In the two weeks before the election, the Zionist Camp pulled ahead of Likud. The last pre-election polls, published Friday, showed Zionist Camp winning 24 seats to Likud’s 20. By law, no pre-election polls may be published in the four days before the election, but that’s when things here got really interesting.
Sunday evening Likud and Bayit Yehudi held a giant rally in Tel Aviv. They proudly filled Rabin Square and streets around the square with supporters, demonstrating the power of the Right. They drew many more supporters than the Leftist parties had pulled a week earlier. In Israel, election laws are very strict. No rally or political activity may feature an entertainer. So Naftali Bennett picked up his guitar and led the crowd in singing “Jerusalem of Gold.” Bennett may be a good politician, but a singer he is not. I doubt anyone who listens to the YouTube recording of his rendition of “Jerusalem of Gold” would classify it as “entertainment.”

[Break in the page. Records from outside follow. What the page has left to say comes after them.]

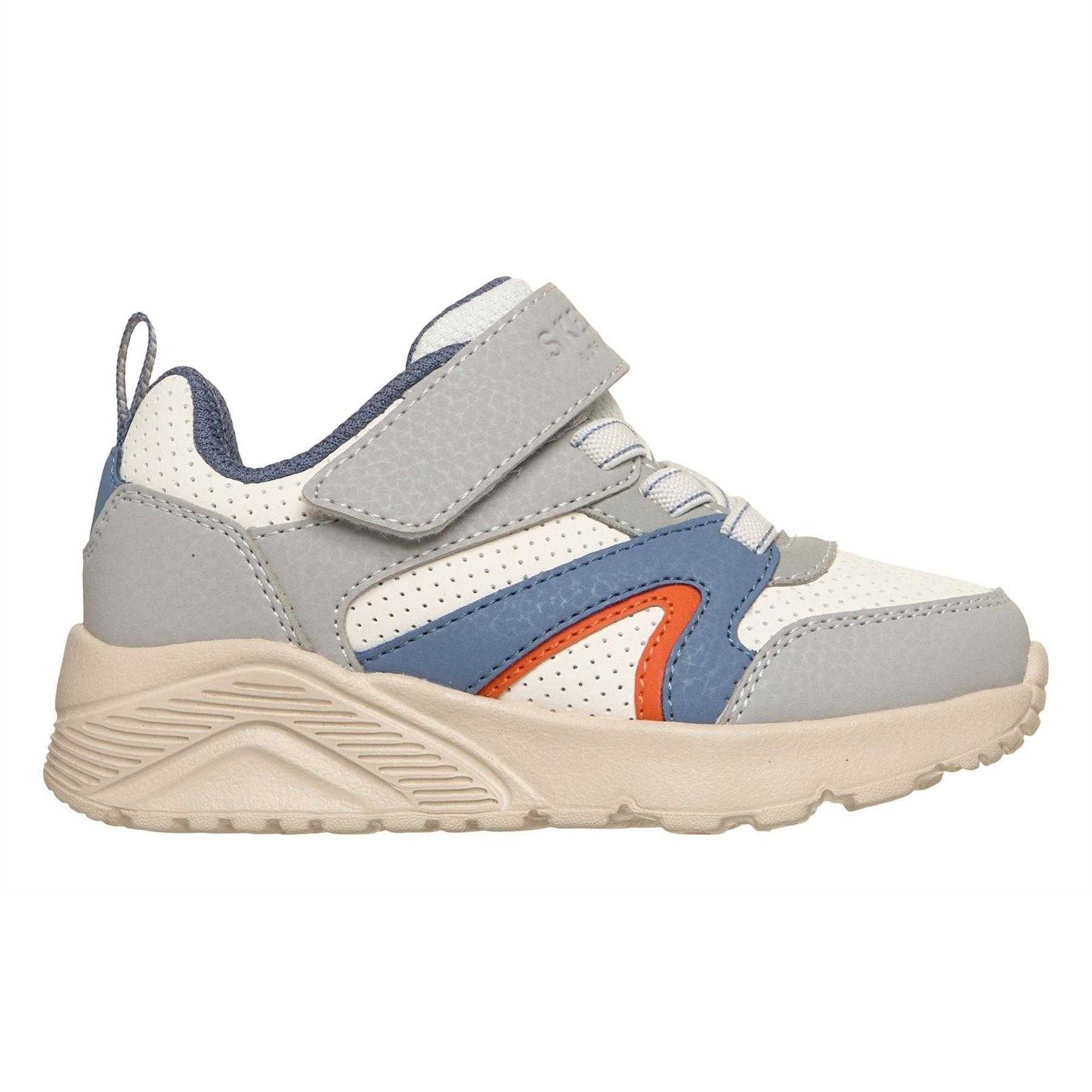 Grey - Side - Skechers Childrens-Kids Uno Lite Trainers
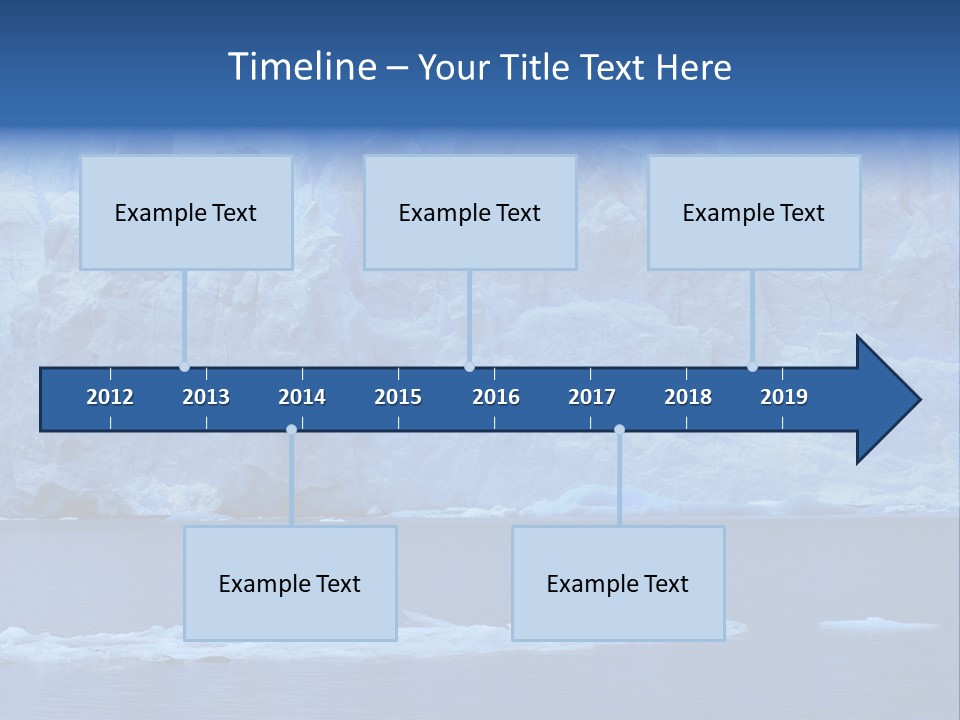 A Large Iceberg In The Middle Of A Body Of Water PowerPoint Template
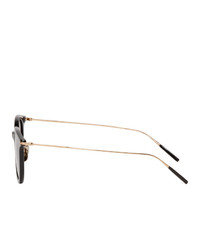 Мужские черные солнцезащитные очки от Eyevan 7285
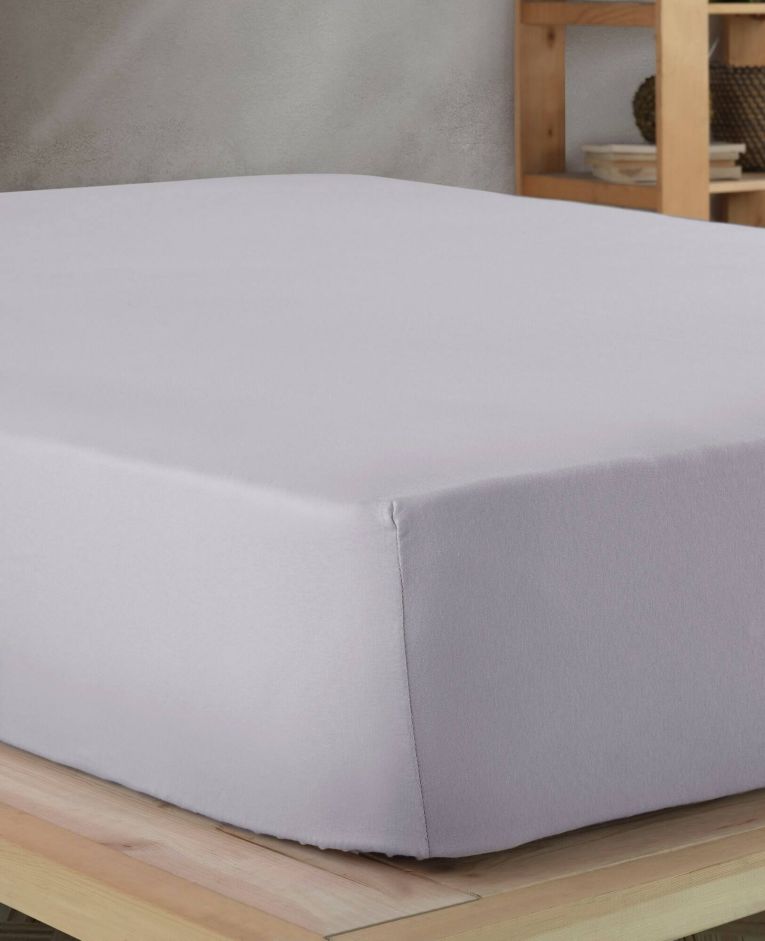Lenzuolo matrimoniale Noblesville, 190x130 cm, Grigio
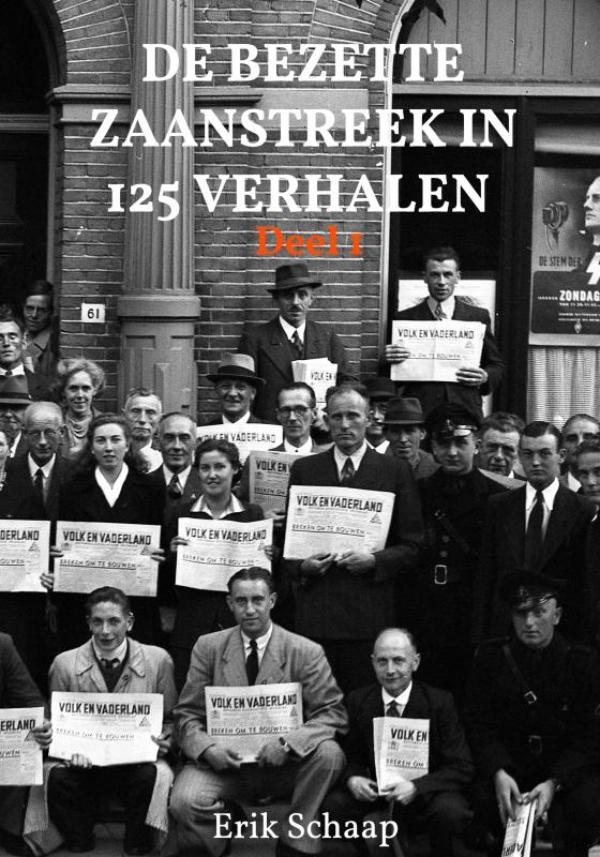 Omslag van De bezette Zaanstreek in 125 verhalen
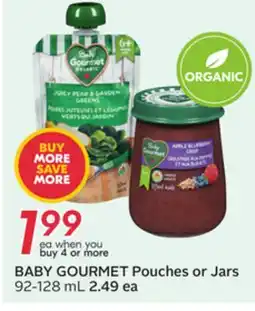 Sobeys BABY GOURMENT Pouches or Jars offer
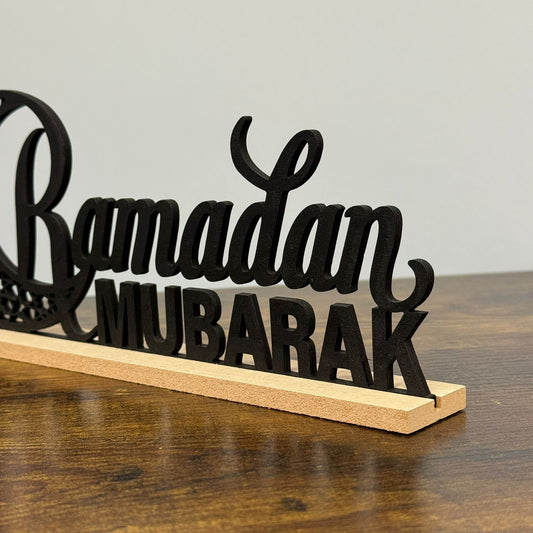 Ramadan Mubarak Crescent Moon Decoration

Monday evening, Tzipi Livni announced she was withdrawing from one of the key conditions of the agreement with Herzog. The two of them had agreed to rotate as Prime Minister. Herzog would be PM for two years, followed by Livni as PM. Apparently, a private poll found the party would earn two additional seats if only Herzog would serve as head of the government. So less than 12 hours before the polls were to open, Livni renounced her claim to the prime minister’s chair.
And then there was the Obama factor. He is rumored to be the moving force behind V15, a group of Americans who poured money into a campaign to influence the election. Their unofficial slogan was “Anybody but Bibi.” Because of President Obama’s lackluster statements about counter terrorism, withdrawal of support for Israel, and his comments about Israeli policies, there is much anti-Obama sentiment in the country. So his unspoken support for “Anybody but Bibi” may have actually helped Likud’s campaign.
Election day was warm and sunny. Voter turnout was the highest in years. Exit poll results were announced after the polls closed at 10 PM predicting the Zionist Camp would end up with the most Knesset seats. Herzog, Livni, and the left celebrated. Then the official results were released.
As predicted by the earlier polls, Zionist Camp had 24 seats. But Likud, to the surprise of almost everybody, had 29 seats. The Joint (Arab) List had 14 seats, the third largest number. Ten parties will be seated in the 20th Knesset in two weeks.
The only official task the President of Israel has of real significance is inviting someone to form a governing coalition and become Prime Minister. By tradition, he invites the head of the party with the most Knesset seats. It is taken for granted that Netanyahu will be Prime Minister. Everyone is busy guessing who he will choose to be in his government. All he has said so far is that he expects to have it in place in a month.